§ **Records to use**
╔══

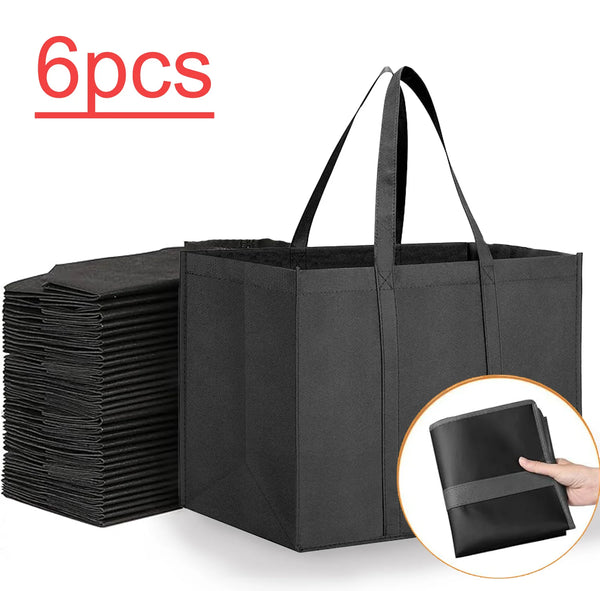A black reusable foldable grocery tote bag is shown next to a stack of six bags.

╚══
╔══

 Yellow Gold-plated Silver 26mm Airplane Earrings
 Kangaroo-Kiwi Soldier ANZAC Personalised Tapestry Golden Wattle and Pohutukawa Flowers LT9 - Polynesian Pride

╚══

§ **Instructions for the task**
A verbatim transcription is needed of the lines above, starting at the line with "Yellow Gold-plated Silver" and ending at the line with "Kangaroo-Kiwi Soldier ANZAC", both included, and of nothing else.

§ **Exercise solution**
 Yellow Gold-plated Silver 26mm Airplane Earrings
 Kangaroo-Kiwi Soldier ANZAC Personalised Tapestry Golden Wattle and Pohutukawa Flowers LT9 - Polynesian Pride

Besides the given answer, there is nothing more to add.